TASK ITEM: Give again, exactly and without pictures, the lines running from the line with "57 Canning Street, The Range QLD 4700" to the end of the records below.

THE DATA:
::::::::::

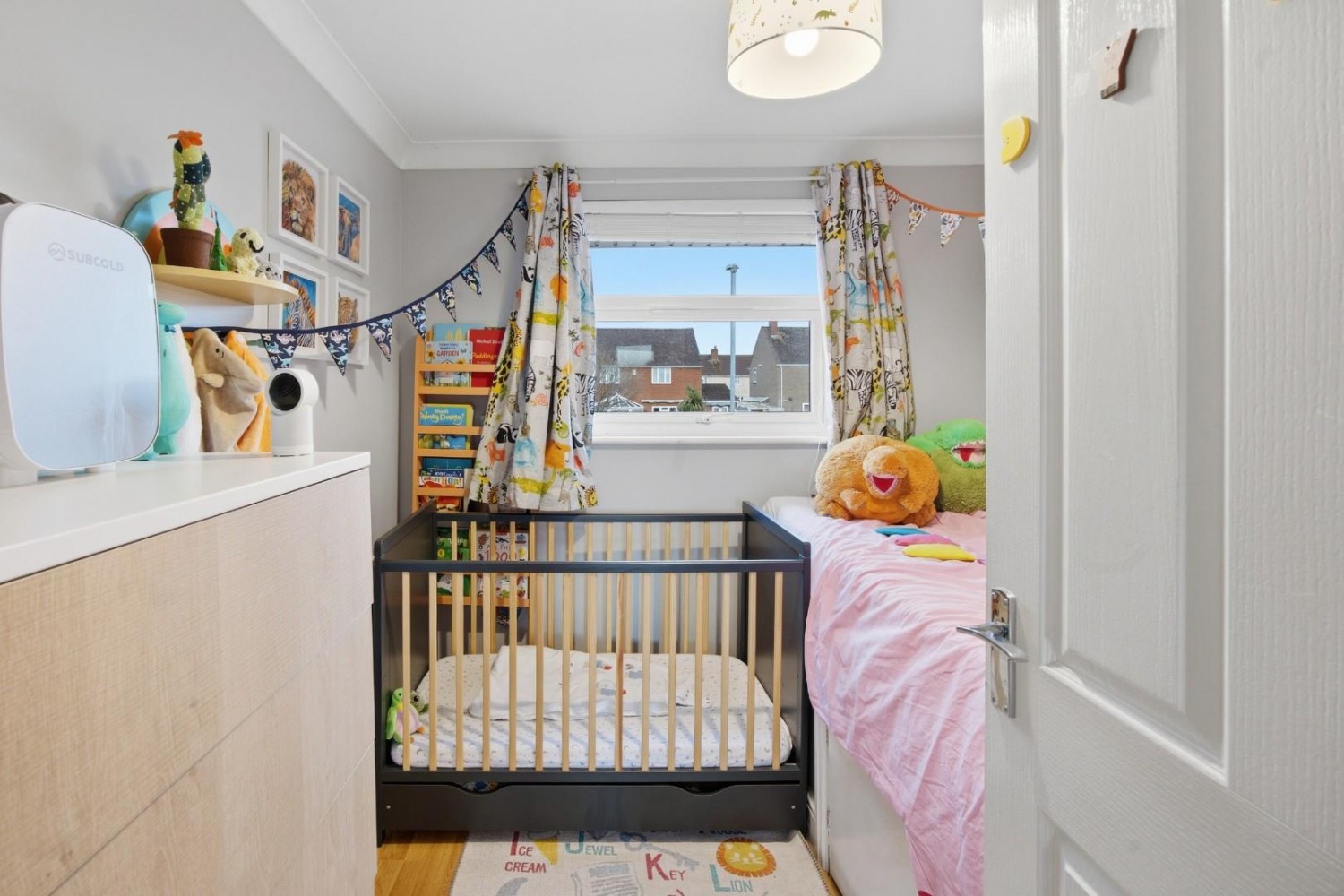 Great Hayles Road, Whitchurch, Bristol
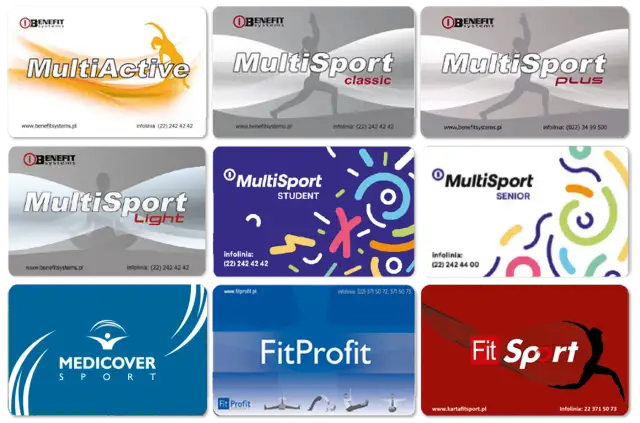 Co to jest karta multisport i jak może poprawić Twoje życie?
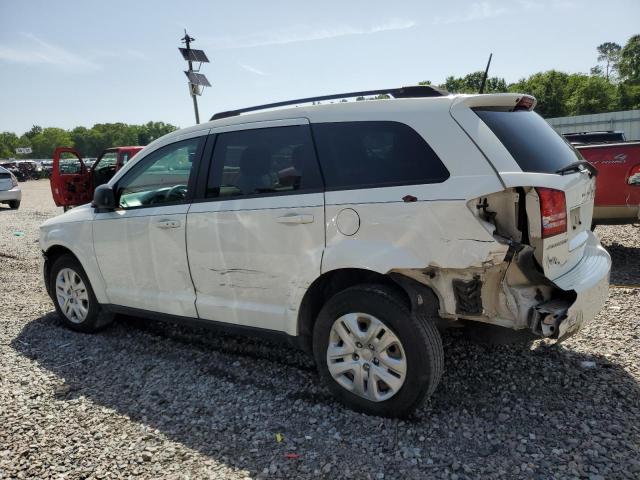 Vin: 3c4pdcab3lt262784, lot: 56633335, dodge journey se 20202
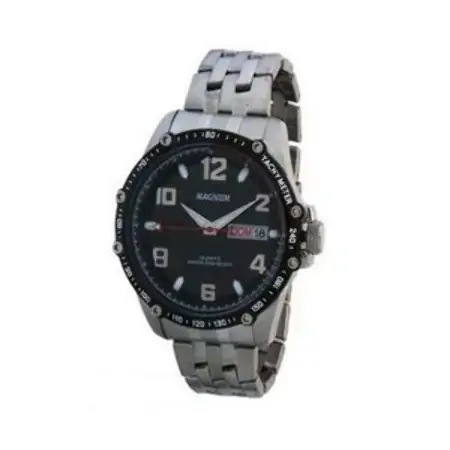 Magnum Ma32470d Analógico Masculino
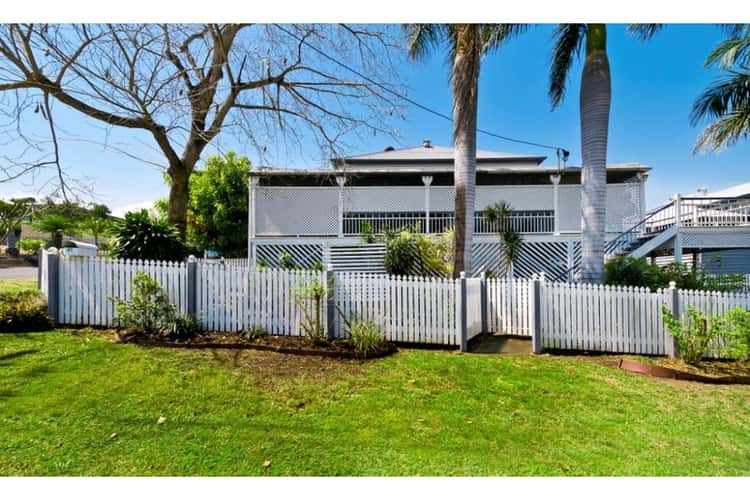 57 Canning Street, The Range QLD 4700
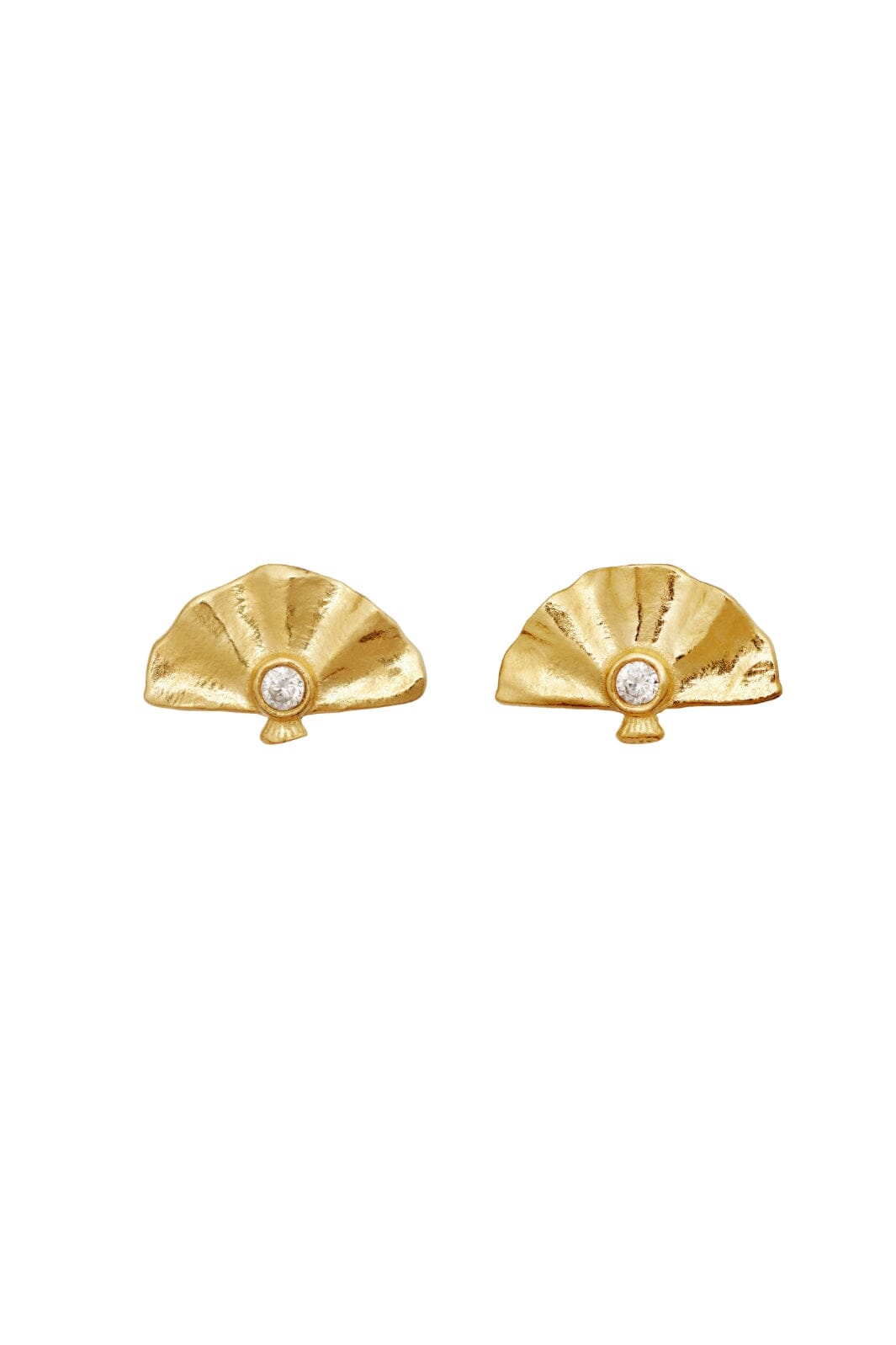 Maanesten - Fantine Earrings - 10046a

::::::::::

ANSWER BOX:
 57 Canning Street, The Range QLD 4700
 Maanesten - Fantine Earrings - 10046a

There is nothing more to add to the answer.